Passos práticos para quem foi suspenso
Para quem está vivendo o problema, a organização das provas é determinante. Quanto antes o caso for documentado, maior a chance de reverter a suspensão por decisão liminar.
- Preserve toda a comunicação com a plataforma. Salve prints da tela de bloqueio, e-mails recebidos, números de protocolo e qualquer mensagem do suporte. Esse conjunto é a base do pedido de tutela de urgência.
- Reúna seus comprovantes de ganho. Extratos dos repasses recebidos nos três últimos meses anteriores ao bloqueio são fundamentais — eles compõem a base de cálculo dos lucros cessantes.
- Liste os prejuízos do período. Contas atrasadas, parcelas de moto ou veículo, despesas básicas que ficaram em aberto. Tudo isso pode integrar o pedido de reparação.
- Solicite formalmente a revisão da decisão à plataforma, com base no art. 20 da LGPD. A negativa ou o silêncio desproporcional pode ser usado como prova adicional.
- Procure orientação jurídica especializada antes que o tempo prejudique a apuração das provas. Em ações desse tipo, a tempestividade é crítica: quanto mais cedo o pedido for ajuizado, maior a chance de a tutela liminar ser deferida.
Considerações finais
A consolidação da jurisprudência do STJ sobre o tema, somada ao arcabouço protetivo da LGPD e à crescente sensibilidade dos tribunais estaduais, redesenha as regras do jogo para motoristas e entregadores que operam por meio de aplicativos.
A mensagem central é clara: a suspensão imediata pode ser legítima diante de fatos graves, mas o silêncio absoluto e a recusa de defesa não são aceitáveis em nenhum cenário. Quando a plataforma extrapola esses limites, o ordenamento jurídico oferece instrumentos concretos — da reativação por liminar à reparação por danos materiais e morais.
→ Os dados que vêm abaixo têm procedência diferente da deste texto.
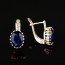 Позолоченные серьги Fallon 82200281-синий фианит фото | Brulik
O acompanhamento atento do tema, especialmente pelo profissional cuja renda depende dessas plataformas, é o primeiro passo para transformar uma situação de vulnerabilidade em uma defesa efetiva de direitos.
Teve a conta bloqueada no Uber, 99, iFood ou Rappi?
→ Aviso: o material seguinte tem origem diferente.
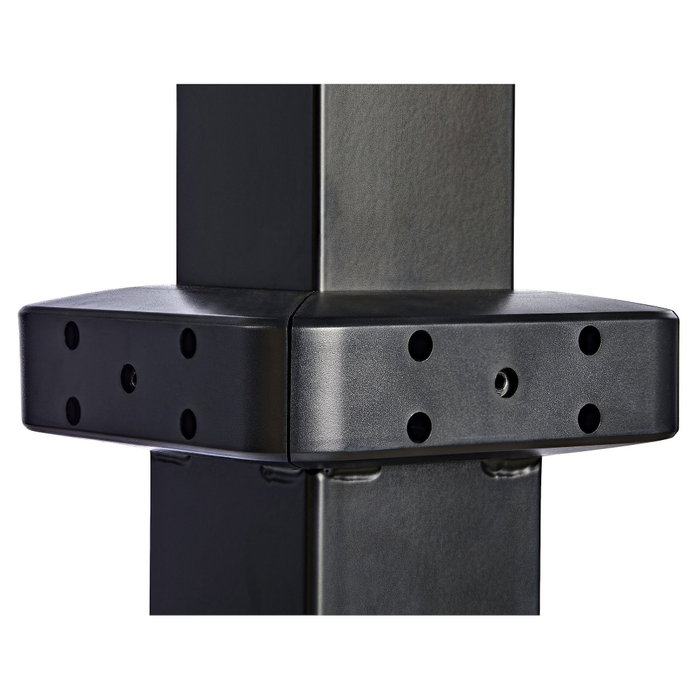 StarTech.com Escritorio de Pie Portátil con Ruedas, Ajuste de Un Toque 750-1200 mm, Soporta 30 kg, Negro, para Ordenador o Portátil, Forma Rectangular 600 x 800 mm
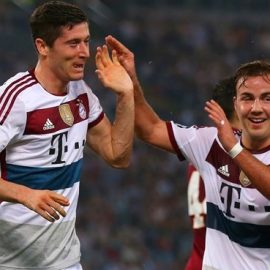 Robert Lewandowski and Mario Gotze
Quanto antes o caso for documentado, maior a chance de reverter o bloqueio por liminar e recompor a renda perdida. Fale com o escritório para uma análise inicial e organização das provas necessárias.
Referências
- Superior Tribunal de Justiça. REsp 2.135.783/DF, Terceira Turma, Rel. Min. Nancy Andrighi, j. 18.06.2024.
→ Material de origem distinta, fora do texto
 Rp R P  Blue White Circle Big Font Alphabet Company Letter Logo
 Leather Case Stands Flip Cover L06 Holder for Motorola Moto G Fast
- Brasil. Lei nº 13.709, de 14 de agosto de 2018 (Lei Geral de Proteção de Dados Pessoais), art. 20.
- Tribunal de Justiça do Distrito Federal e dos Territórios — 1ª Turma Cível. Decisão sobre indenização a motorista por suspensão prolongada sem justa causa, 2026.
- Tribunal de Justiça de São Paulo — 16ª Câmara de Direito Privado. Decisões em casos de descredenciamento indevido por plataformas de delivery.
- Câmara dos Deputados. PLP 152/2025 — Projeto de Lei Complementar sobre regulamentação do trabalho em plataformas digitais.
- Conselho Federal da OAB. Provimento 205/2021, atualizado pelo Provimento 222/2024 (publicidade na advocacia).
Este conteúdo tem caráter exclusivamente informativo. Cada caso possui particularidades que demandam análise técnica individualizada.